The blanket of clouds over Fenway Park turned an evening shade of blue Monday as the hockey players who’d taken over the field emerged from the dugouts for the final period of the 2023 NHL Winter Classic.
The home team emerged with more of its season-long magic, two third-period goals from Jake DeBrusk erasing an early deficit to win, 2-1, and secure the Bruins’ 29th win when the Penguins’ final, frantic goal came after time had expired.
An appropriate dose of magic on an overall magical day. Slushy ice, strange sight lines, unseasonable warmth, and occasional sloppy play notwithstanding.

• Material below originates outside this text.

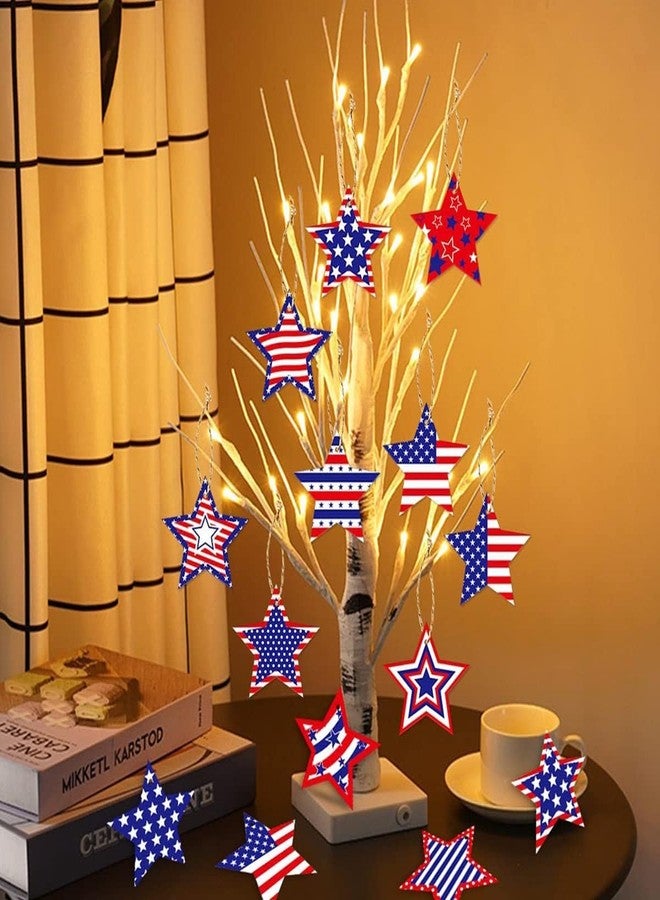 YKZFUI American Independence Day Hanging Ornaments Five-Pointed Star Decorations Red White Blue With Ropes USA Flag Tree Decoration Pendant for 4th of July Gift Holiday Party Supplies 12 - Image 2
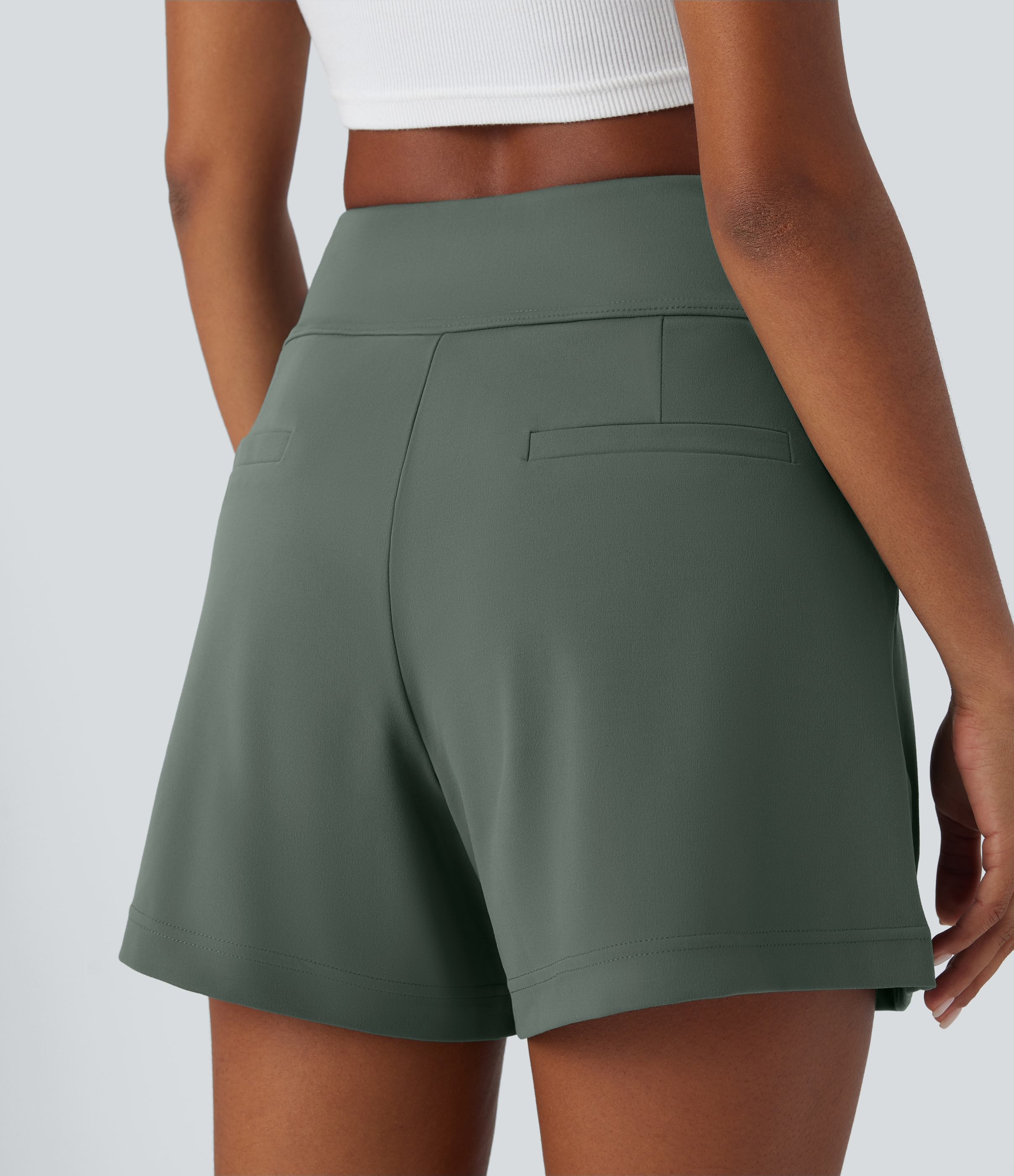 Halara High Waisted Plicated Side Pocket Wide Leg Work Shorts  - Deep Aquamarine - S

“You don’t grow up thinking you’re going to play a hockey game at Fenway Park,” said Weymouth’s Charlie Coyle, a teenage spectator at the Bruins’ other 13 years ago. “To do that was really special. We’re all going to want to do that over and over again, but you don’t know when the next one is, if ever.
“Once the game is over, you can breathe again, and really take it in.”
Advertisement
From the outset, it was clear this was one of those different Boston sports days, the kind people talk about and remember for years. From the kids who tearfully tore open their tickets on Christmas morning to the grown men and women who clogged the entrances of area bars and restaurants long before the 2:30 p.m. puck drop, they created a sea of black and gold dense enough to swamp the familiar red, white, and blue of Fenway Park.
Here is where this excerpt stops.